2) O segundo aspecto diz respeito à adição que os adolescentes têm hoje com os meios digitais, assim como ao apelo crescente à pornografia, problema abordado no texto apresentado por Feres, que faz referência a uma conversação na qual os adolescentes dizem que “esparram imagens pornográficas”[iii]. Podemos situar esse problema não exatamente como uma tentativa de fazer a relação sexual existir (pois, isso incluiria uma tentativa de abordagem do Outro), mas, ao contrário, como uma maneira de – diante da evidência da inexistência da relação sexual em nossos dias – tentar fazer o todo pela via do mais gozar, prescindindo-se do Outro como parceiro. Essa posição, a meu ver, poderia ser descrita mais ou menos assim: a relação sexual não existe, mas o gozo sim; então, é preciso que o gozo não pare. Essa solução se sustenta no apelo a um gozo que tende a ser mantido no registro do necessário, ou seja, do que não para de se escrever.
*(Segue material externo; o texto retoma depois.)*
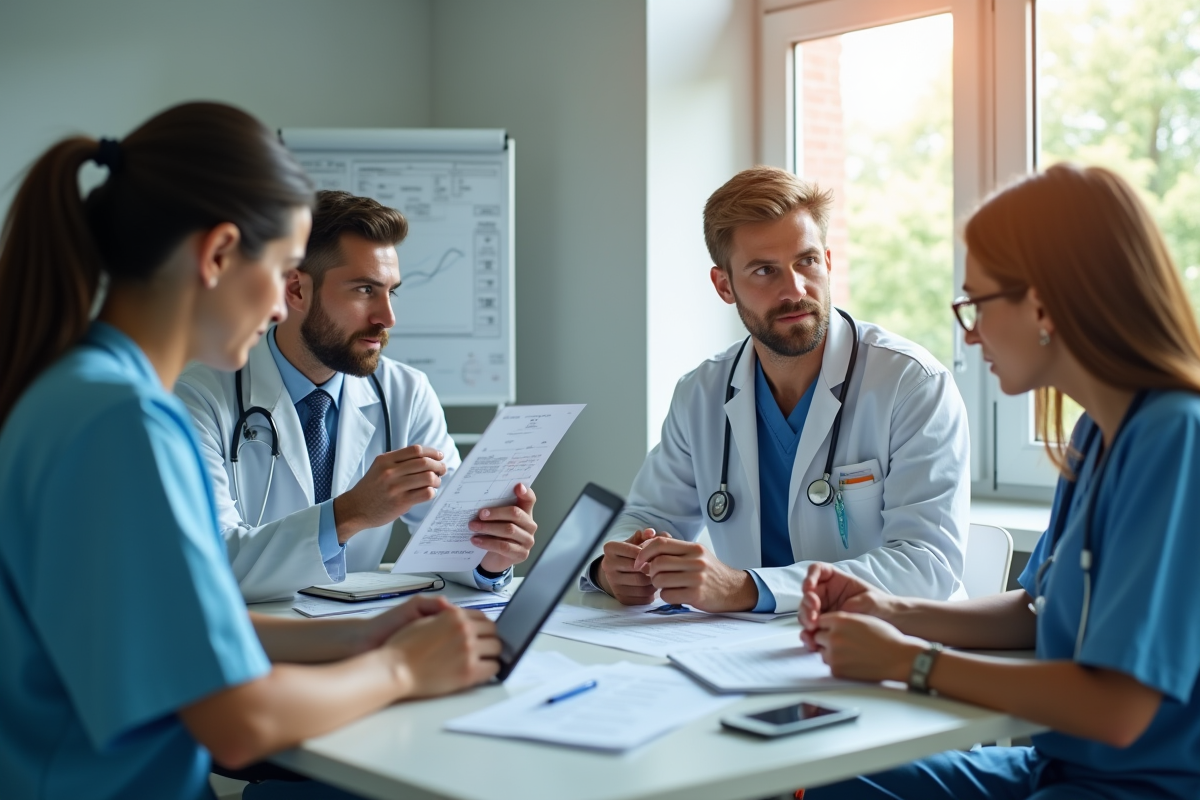 Professionnels de santé en réunion dans une salle lumineuse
Nesse sentido, parece-me que existe, por parte dos adolescentes de hoje, uma constatação da inexistência da relação sexual, ocasionando, em muitos casos, uma descrença numa relação possível entre os sexos. Serge Cottet (2011) nos diz, em seu texto “O sexo fraco dos adolescentes…”, que presenciamos, hoje em dia, “uma forma moderna de não-relação”. Lacan, no Seminário 7, situa o amor cortês, na Idade Média, como uma forma elegante de não-relação, pois manter a dama em um lugar inacessível seria uma forma de não ter que se haver com a real impossibilidade da relação sexual, fazendo parecer que somos nós que colocamos a barreira que torna A Mulher inatingível. A elegância dessa solução provém do lugar de alteridade no qual a dama é colocada. Podemos aproximar essa forma de não-relação que encontramos nos dias de hoje (no apelo à pornografia e na adição aos objetos tecnológicos) dessa solução medieval, mas em uma versão, diríamos, bem menos elegante. Na forma atual de não-relação, é justamente a alteridade do parceiro que se encontra abolida, tendo sido substituída pelo gozo solitário, o gozo do Um-sozinho, que provém da relação direta com o objeto, um objeto que se encontra à mão e não depende, necessariamente, de uma relação com o Outro.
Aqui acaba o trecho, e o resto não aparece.